> Try it
Starting from the line containing "Robonaut 2, ein", give again every line through the end of the entries, word for word. Pictures stay out of the copy.

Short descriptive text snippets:
Content starts

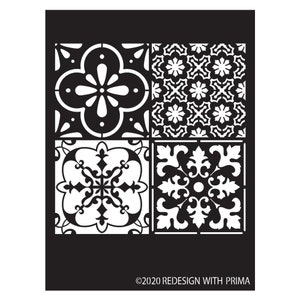 ReDesign Decor Stencil COASTAL TILE Home Decor 9 x 13.5&quot;  #650612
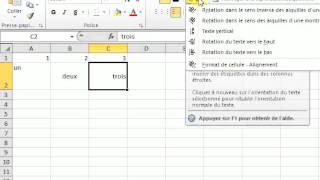 Lalignement dans une cellule Excel 2010 [upl. by Meer]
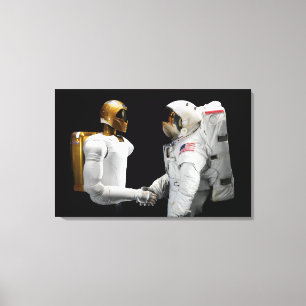 Robonaut 2, ein geschickter, humanoider Astronaute Leinwanddruck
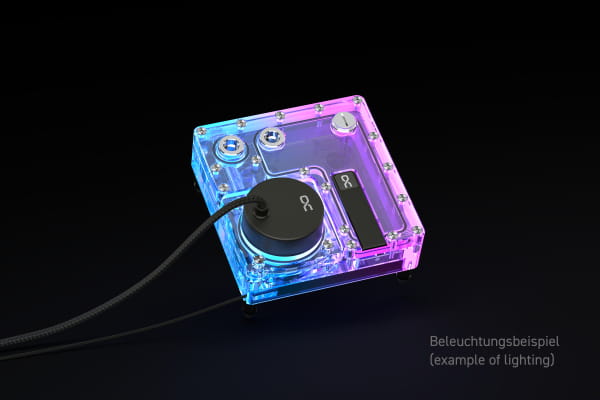 AGB B-Ware Alphacool Core 140mm Reservoir mit VPP/D5 Apex PWM Pumpe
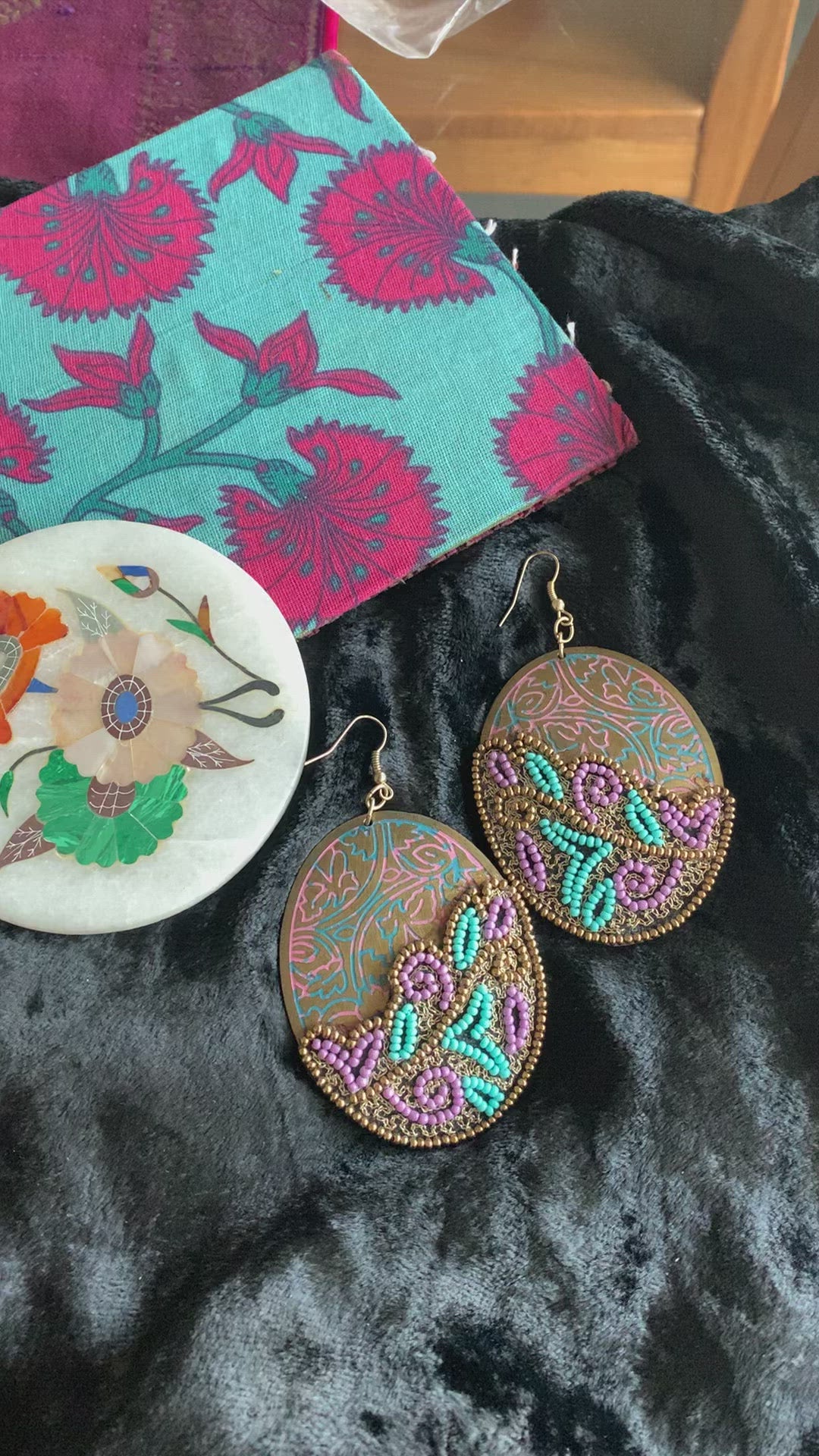 Antique Embroidery Earrings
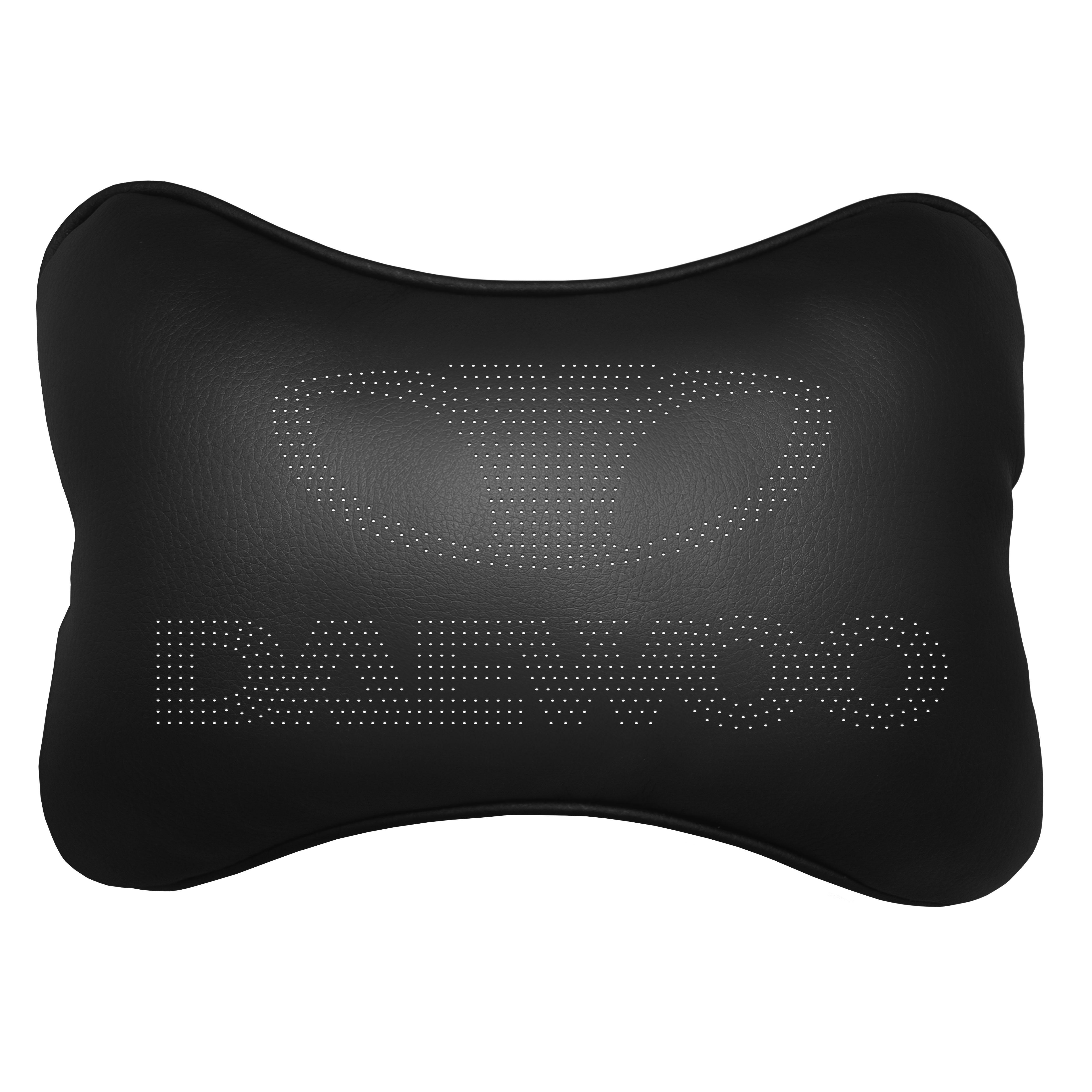 Подушка автомобильная Avtolife Daewoo для шеи из экокожи Черный (AVT-LBL-20) - фото 1 Подушка автомобильная Avtolife Daewoo для шеи из экокожи Черный (AVT-LBL-20) - фото 1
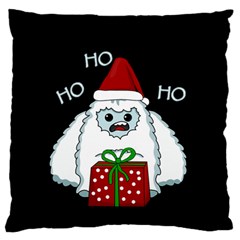Yeti Xmas Standard Flano Cushion Case (one Side) by Valentinaart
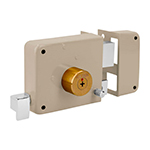 CS-80D | Cerradura sobreponer derecha clásica, llave tetra, caja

Content ends

> Exercise result
 Robonaut 2, ein geschickter, humanoider Astronaute Leinwanddruck
 AGB B-Ware Alphacool Core 140mm Reservoir mit VPP/D5 Apex PWM Pumpe
 Antique Embroidery Earrings
 Подушка автомобильная Avtolife Daewoo для шеи из экокожи Черный (AVT-LBL-20) - фото 1 Подушка автомобильная Avtolife Daewoo для шеи из экокожи Черный (AVT-LBL-20) - фото 1
Yeti Xmas Standard Flano Cushion Case (one Side) by Valentinaart
 CS-80D | Cerradura sobreponer derecha clásica, llave tetra, caja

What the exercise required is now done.